A NEWPORT man who mistakenly threw away a hard drive containing Bitcoin now worth around £330 million has recruited NASA experts in his bid to retrieve it.

IT engineer James Howells, 36, accidentally binned the hard drive – containing 7,500 Bitcoins – instead of an empty one during an office spring clean in 2013.

The hard drive is now thought to be sitting in a landfill in Newport, and Mr Howells has appealed to the council for permission to search for the storage device – even offering 25 per cent, around £52.5 million, of the value of the Bitcoin – however this was refused.


Bitcoin is a digital form of currency that operates independently of central banking systems and is rather sent directly between owners.

In a bid to carry out his search, Mr Howells has contacted engineers, environmentalists and data recovery experts – including one who worked with NASA.

He said: "I have put together a full consortium of experts in the field to refute all of the claims that the council has said it has concerns over.

"I've spoken to data recovery experts who have worked with NASA on the Columbia space shuttle disaster.

"They were able to recover from a shuttle that exploded and they don't seem to think that being at a landfill will be a problem."

Mr Howells has called to meet with council representatives in order to arrange for a feasibility study to be conducted.

He said: "The current valuation is $454 million but around a week ago it was at its peak of $556 million.

"The council say they worry about who will meet the cost if it's not recoverable but all of that would be part of a signed contract.
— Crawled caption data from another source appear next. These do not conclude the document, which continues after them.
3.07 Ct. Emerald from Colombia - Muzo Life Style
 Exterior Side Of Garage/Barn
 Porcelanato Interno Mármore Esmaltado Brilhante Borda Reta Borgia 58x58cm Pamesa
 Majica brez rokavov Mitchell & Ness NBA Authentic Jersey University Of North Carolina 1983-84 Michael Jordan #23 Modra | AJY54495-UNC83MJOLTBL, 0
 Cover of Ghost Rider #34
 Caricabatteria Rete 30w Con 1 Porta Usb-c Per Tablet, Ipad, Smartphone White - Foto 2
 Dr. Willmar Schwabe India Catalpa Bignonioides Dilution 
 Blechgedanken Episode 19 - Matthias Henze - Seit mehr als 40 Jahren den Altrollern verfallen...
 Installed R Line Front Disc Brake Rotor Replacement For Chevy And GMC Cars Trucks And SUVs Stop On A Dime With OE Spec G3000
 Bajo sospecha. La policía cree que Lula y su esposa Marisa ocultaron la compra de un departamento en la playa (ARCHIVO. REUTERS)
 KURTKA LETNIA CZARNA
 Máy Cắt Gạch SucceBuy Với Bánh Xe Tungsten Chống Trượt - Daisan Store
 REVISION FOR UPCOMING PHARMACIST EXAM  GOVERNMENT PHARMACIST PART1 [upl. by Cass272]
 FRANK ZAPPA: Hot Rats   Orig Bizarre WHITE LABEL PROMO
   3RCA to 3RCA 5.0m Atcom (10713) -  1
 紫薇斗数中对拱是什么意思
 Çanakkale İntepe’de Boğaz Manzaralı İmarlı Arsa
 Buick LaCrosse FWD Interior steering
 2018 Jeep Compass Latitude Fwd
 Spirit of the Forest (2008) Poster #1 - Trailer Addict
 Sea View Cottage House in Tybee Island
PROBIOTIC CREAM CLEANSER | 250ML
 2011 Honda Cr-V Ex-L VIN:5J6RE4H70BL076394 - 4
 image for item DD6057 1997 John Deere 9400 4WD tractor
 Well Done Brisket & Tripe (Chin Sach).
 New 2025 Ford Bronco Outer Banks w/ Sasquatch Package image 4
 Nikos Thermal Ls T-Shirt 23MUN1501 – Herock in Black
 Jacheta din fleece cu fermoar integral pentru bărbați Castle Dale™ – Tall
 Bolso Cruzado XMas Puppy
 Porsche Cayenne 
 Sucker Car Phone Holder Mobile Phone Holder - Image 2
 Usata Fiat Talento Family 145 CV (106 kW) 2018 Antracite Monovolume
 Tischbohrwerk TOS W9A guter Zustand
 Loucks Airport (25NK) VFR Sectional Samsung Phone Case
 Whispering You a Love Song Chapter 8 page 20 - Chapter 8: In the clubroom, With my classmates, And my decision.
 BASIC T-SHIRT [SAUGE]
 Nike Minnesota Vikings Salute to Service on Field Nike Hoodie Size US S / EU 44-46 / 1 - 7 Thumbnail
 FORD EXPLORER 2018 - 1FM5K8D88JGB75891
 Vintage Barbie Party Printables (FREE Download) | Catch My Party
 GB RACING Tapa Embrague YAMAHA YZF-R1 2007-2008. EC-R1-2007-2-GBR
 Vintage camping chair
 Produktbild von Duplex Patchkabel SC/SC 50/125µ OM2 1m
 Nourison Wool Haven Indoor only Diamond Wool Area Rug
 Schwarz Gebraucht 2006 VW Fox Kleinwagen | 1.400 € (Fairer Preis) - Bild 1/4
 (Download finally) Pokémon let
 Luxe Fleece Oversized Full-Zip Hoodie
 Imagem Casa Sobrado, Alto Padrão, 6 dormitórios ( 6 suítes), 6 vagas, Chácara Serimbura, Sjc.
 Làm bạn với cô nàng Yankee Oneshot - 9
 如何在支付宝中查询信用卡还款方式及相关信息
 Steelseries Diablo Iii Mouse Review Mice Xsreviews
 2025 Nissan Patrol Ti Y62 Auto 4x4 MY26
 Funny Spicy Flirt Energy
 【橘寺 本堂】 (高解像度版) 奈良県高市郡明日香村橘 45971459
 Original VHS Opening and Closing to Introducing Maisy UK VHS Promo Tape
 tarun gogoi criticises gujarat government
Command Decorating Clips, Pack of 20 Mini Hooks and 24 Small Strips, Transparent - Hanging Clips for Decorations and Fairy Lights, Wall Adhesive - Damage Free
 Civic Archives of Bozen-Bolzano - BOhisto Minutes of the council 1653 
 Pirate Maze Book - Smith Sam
"I'm asking them for a three-month feasibility study so we could sit down outline our plans and they could put forward their concerns and we can answer them, but they won't give me that."

Mr Howells said the search was expected to take between nine and 12 months, and would be aided by specially employed AI technology.

He said his plan has been backed by hedge funds who are willing to foot the bill for the cost of the search as well as the equipment involved.

Having studied aerial photographs of the site, Mr Howells believes the hard drive is in a 200 metre squared area and could be 15 metres deep.

Newport City Council said Mr Howells had made repeated requests for help - but it was unable to assist him.

A spokeswoman said: "Newport City Council has been contacted a number of times since 2014 about the possibility of retrieving a piece of IT hardware said to contain Bitcoins.

"The first time was several months after Mr Howells first realised the hardware was missing.

"The cost of digging up the landfill, storing and treating the waste could run into millions of pounds - without any guarantee of either finding it or it still being in working order.

"The council has also told Mr Howells on a number of occasions that excavation is not possible under our licencing permit and excavation itself would have a huge environmental impact on the surrounding area.

"Even if we were able to agree to his request, there is the question of who would meet the cost if the hard drive was not found or was damaged to such an extent that the data could not be recovered.

"We have, therefore, been clear that we cannot assist him in this matter."